Mathematical Physics – Real K-G Equation as EOM for Given Action

functional-analysismathematical physicsproof-explanationquantum-field-theorytensors

This question concerns a real scalar field.

Show that the real Klein-Gordon equation, $(\Box + m^2)\phi=0$ is the equation of motion, $\delta S[\phi(x)]/\delta\phi(x)=0$, for the action

$$S=\frac12\int d^4x\left(\partial^\mu{\phi}\partial_\mu{\phi}-m^2\phi^2\right)$$
by performing a functional variation. Here $\mu = 0,1,2,3$, ($3+1$ space-time dimensions).


The Lagrangian density is
$$\mathcal{L}=\mathcal{L}\left(\phi,\ \partial^\mu{\phi},\ \partial_\mu{\phi}\right)=\partial^\mu{\phi}\partial_\mu{\phi}-m^2\phi^2\tag{A}$$

Now since the change in functional variation $$\frac{\delta S[\phi(x)]}{\delta\phi(x)}=\lim_{\delta \phi\to 0}\left(\frac{S(\phi + \delta\phi)-S(\phi)}{\delta\phi}\right)=0$$
It follows that $S(\phi + \delta\phi)-S(\phi)$ must be zero for any $\delta\phi$.
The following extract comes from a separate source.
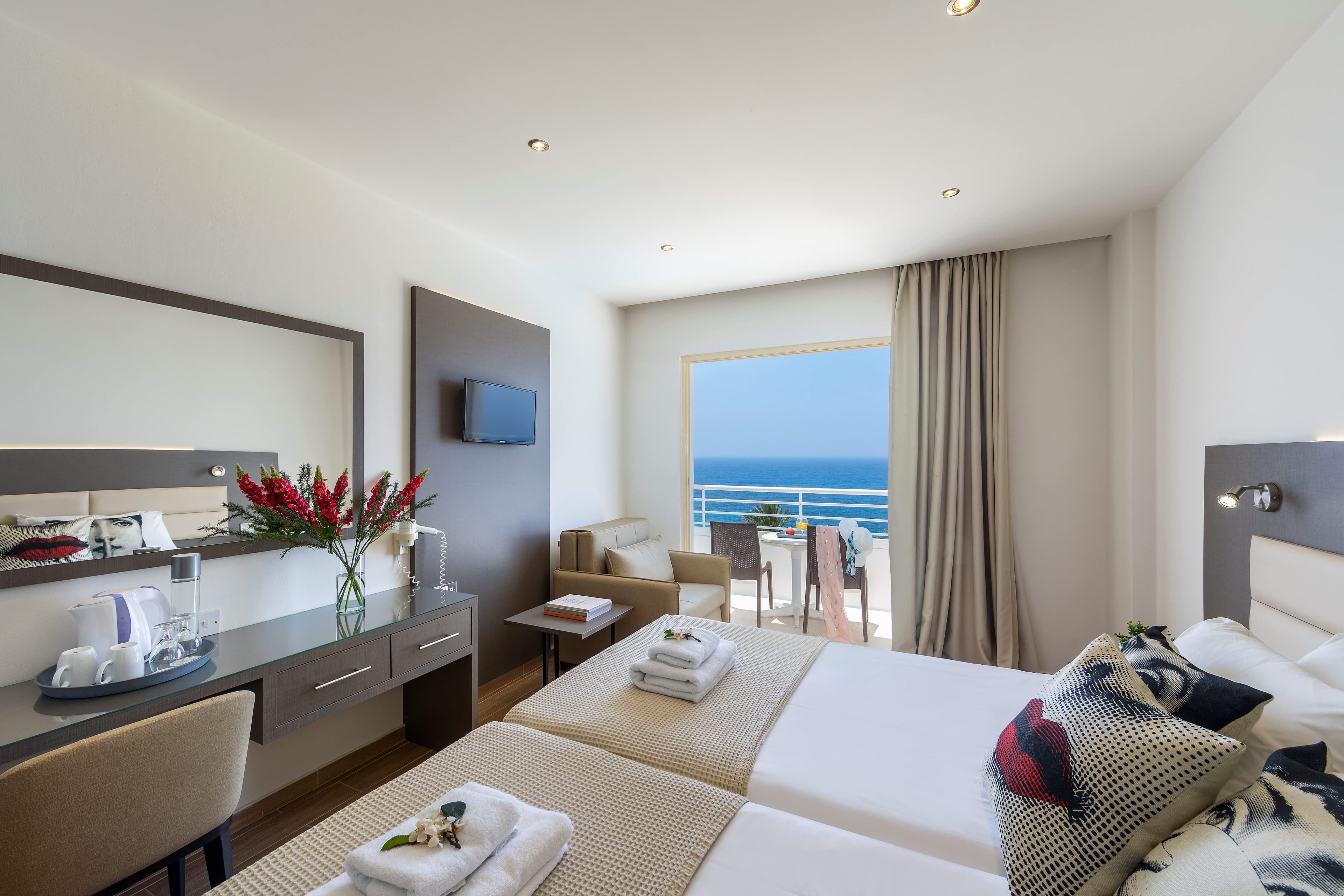Queen's Bay Hotel Ansicht 4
The variation in the action, $S$ is therefore
$$\delta{S[\phi]}=\frac12\int d^4x\left[\phi+\delta\phi,\ \partial^\mu{\phi}+\delta\left(\partial^\mu{\phi}\right),\ \partial_\mu{\phi}+\delta(\partial_\mu{\phi})\right]$$ and after Taylor expanding to first order in $\delta\phi$ becomes
$$\delta{S[\phi(x)]}$$
$$=\int \frac{d^4x}{2} \left[\mathcal{L}\left(\phi, \partial^\mu{\phi}, \partial_\mu{\phi}\right)+\frac{\partial\mathcal{L}}{\partial \phi}\delta\phi+\frac{\partial\mathcal{L}}{\partial\left(\partial^\mu\phi\right)}\delta\left(\partial^\mu\phi\right)+\frac{\partial\mathcal{L}}{\partial\left(\partial_\mu\phi\right)}\delta\left(\partial_\mu\phi\right)-\mathcal{L}\left(\phi, \partial^\mu{\phi}, \partial_\mu{\phi}\right)\right]$$

$$=\frac12\int d^4x\left[-2m^2\phi\delta\phi+\partial_\mu{\phi}\delta\left(\partial^\mu\phi\right)+\partial^\mu{\phi}\delta\left(\partial_\mu\phi\right)\right]\tag{B}$$


This is as far as I can get and matches the first line of the solution. I will typeset this solution in exactly the same way as the author did to illustrate my confusion:

Take the action

$$S=\frac12\int d^4x\left(\partial^\mu{\phi}\partial_\mu{\phi}-m^2\phi^2\right)$$

Now we vary it;
$$\delta{S} = \frac12\int d^4x\left[\left(\delta\partial^\mu\phi\right)\partial_\mu{\phi}+\partial^\mu{\phi}\delta\left(\partial_\mu\phi\right)-2m^2\phi\delta\phi\right]\tag{1}$$
$$= \frac12\int d^4x\left[\color{#085}{\left(\partial^\mu\delta\phi\right)\partial_\mu{\phi}}+\partial^\mu{\phi}\left(\partial_\mu\delta\phi\right)-2m^2\phi\delta\phi\right]\tag{2}$$
$$= \int d^4x\left[\partial^\mu\phi\partial_\mu{\delta\phi}-m^2\phi\delta\phi\right]\tag{3}$$
$$=\int d^4x \left[-\partial_\mu (\partial^\mu\phi)\delta\phi-m^2\phi\delta\phi\right]+\int d^4x \partial_{\mu}\left(\delta\phi\partial^\mu\phi\right)\tag{4}$$
and we drop the last term, the total divergence due to boundary conditions, so,
$$\delta{S}=-\int d^4x \left(\partial^2\phi+m^2\phi\right)\delta\phi\tag{5}$$


Was it correct to have 3 arguments for the Lagrangian density in $(\mathrm{A})$, namely to distinguish between the contravariant and covariant derivatives?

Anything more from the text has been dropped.